GIVEN RECORDS »
==========

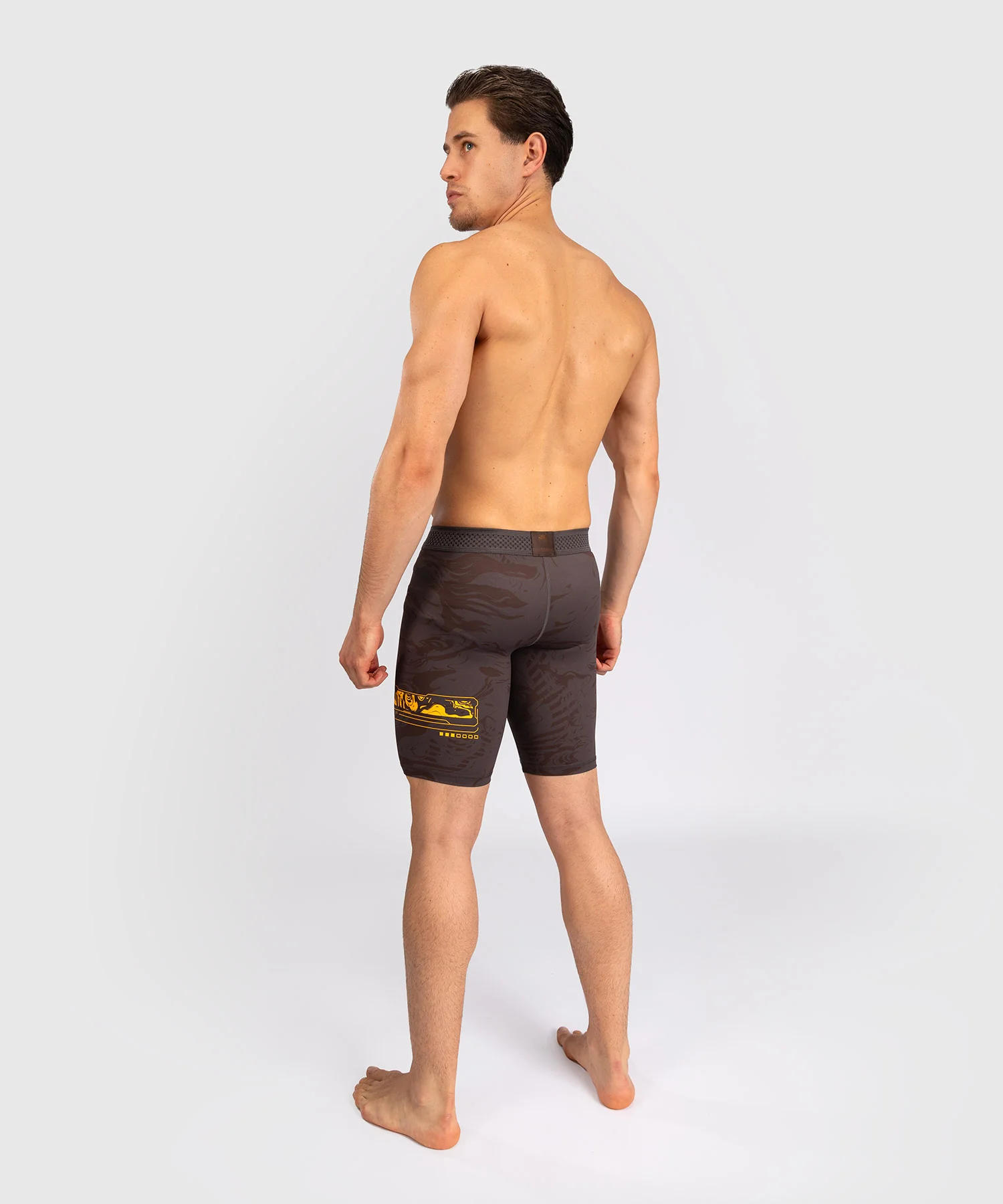Short de compression pour Hommes UFC Fusion by Venum Fight Week - Marron Terrestre - Image 4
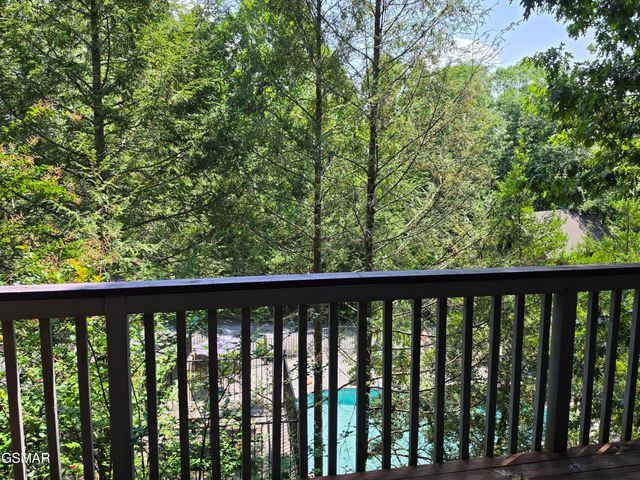 310 Greenwood Way, Pigeon Forge, TN 37863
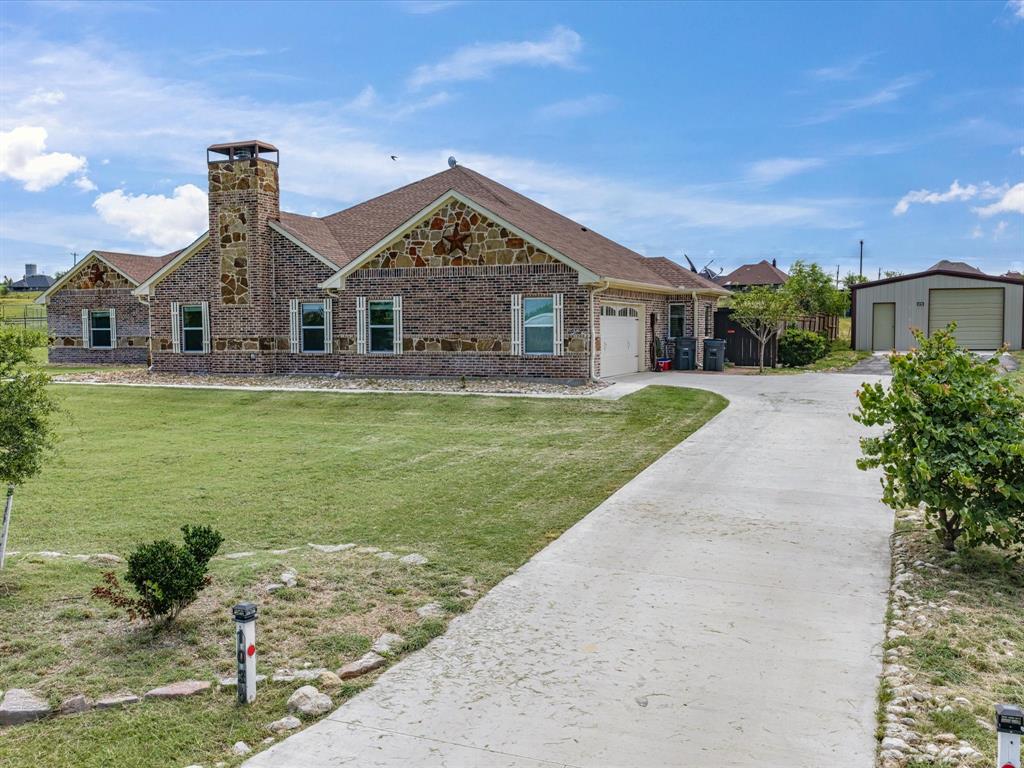 1032 Justin Dr, Springtown, TX 76082 photo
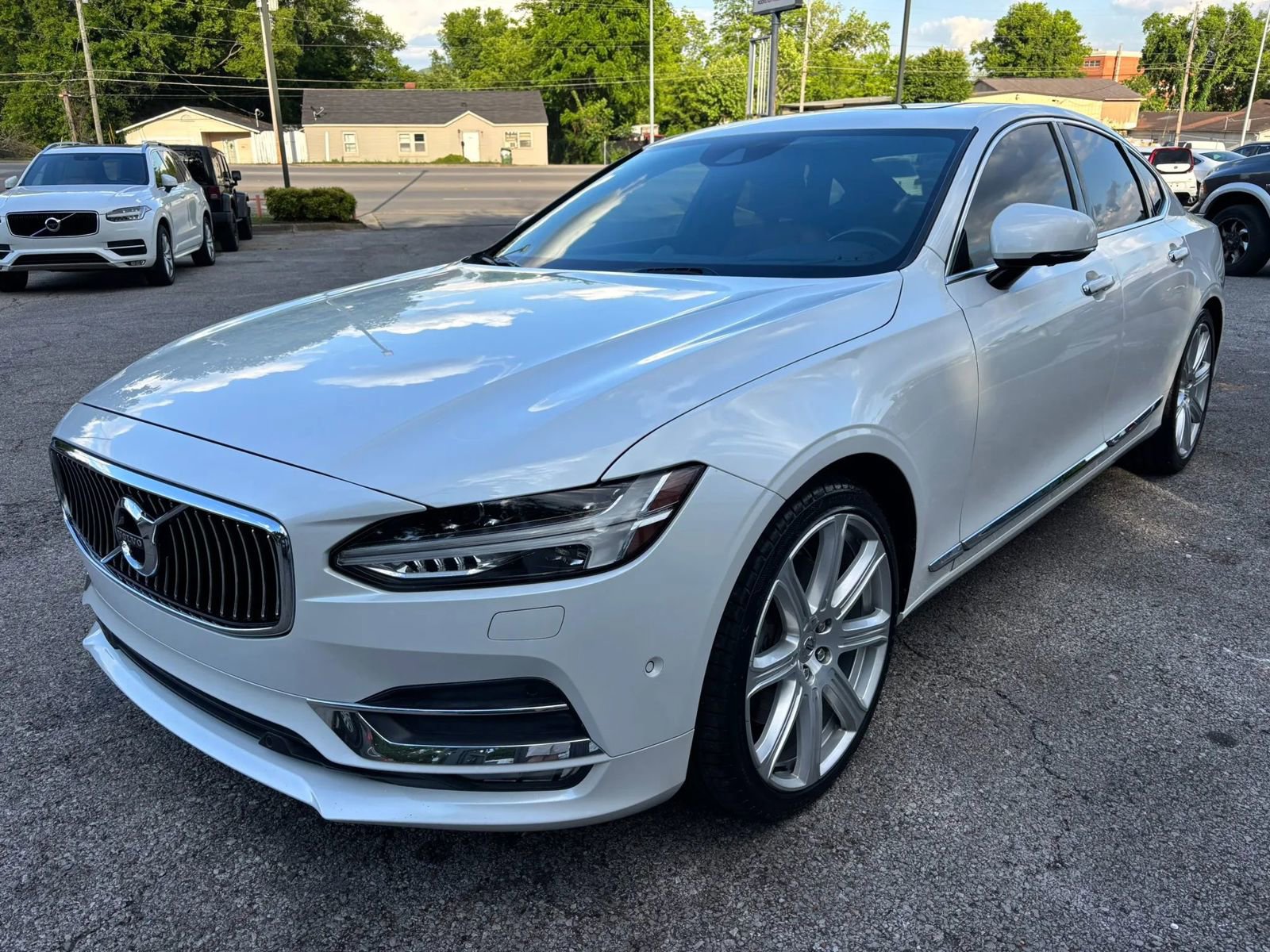 Used 2017 Volvo S90 T6 Inscription w/ Vision Package AWD/4WD image 4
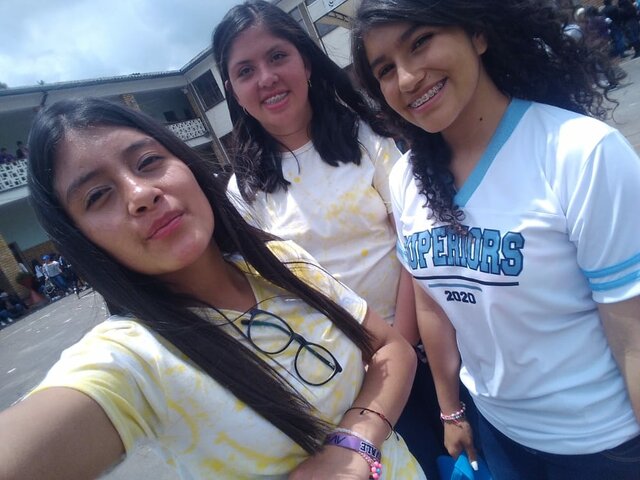 celebrando algo en el colegio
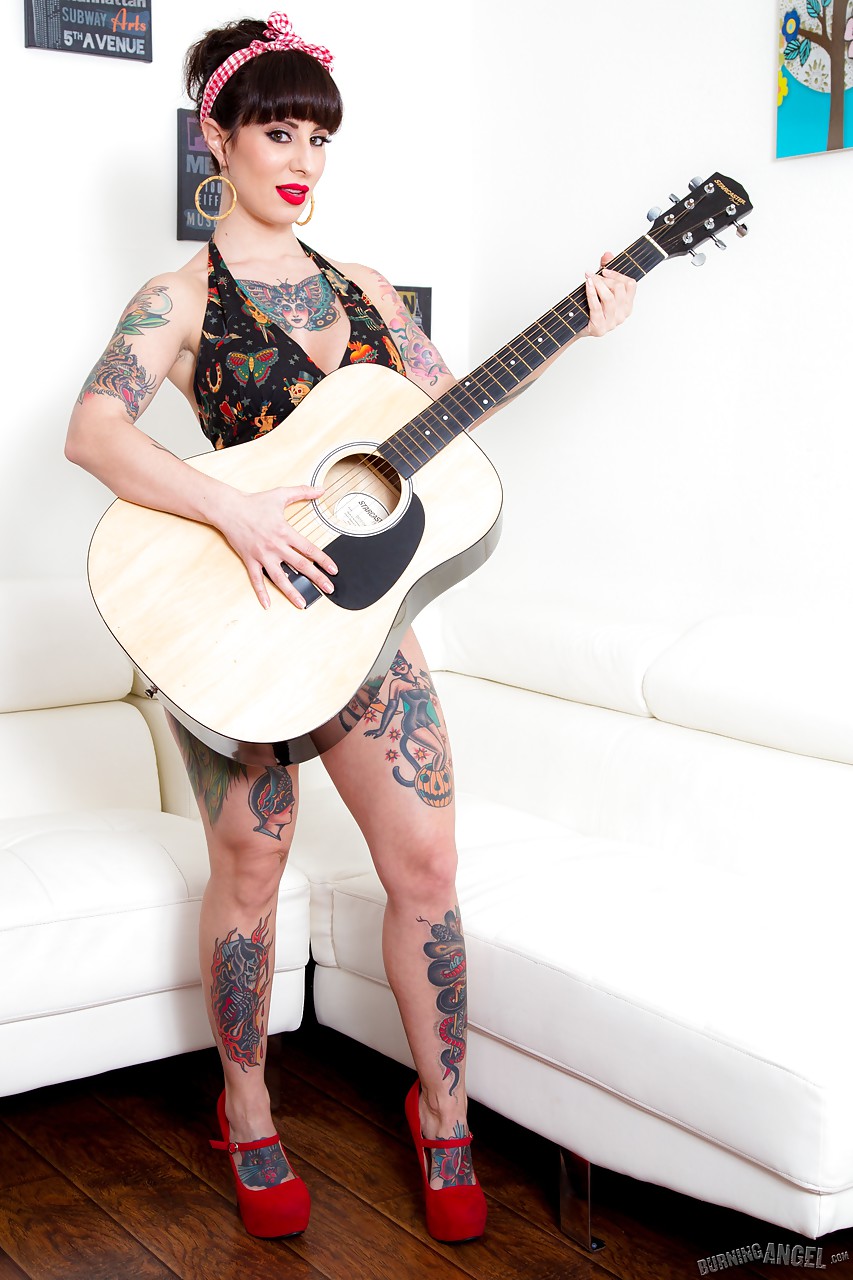 Long legged tattooed MILF Dollie Darko undressing to show spread ass #52149333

==========

PROBLEM DESCRIPTION »
Output exactly the lines from the one that has "1032 Justin Dr, Springtown, TX 76082 photo" through the end of the data. Do not include pictures.

RESULT FOR THIS TASK »
 1032 Justin Dr, Springtown, TX 76082 photo
 Used 2017 Volvo S90 T6 Inscription w/ Vision Package AWD/4WD image 4
 celebrando algo en el colegio
 Long legged tattooed MILF Dollie Darko undressing to show spread ass #52149333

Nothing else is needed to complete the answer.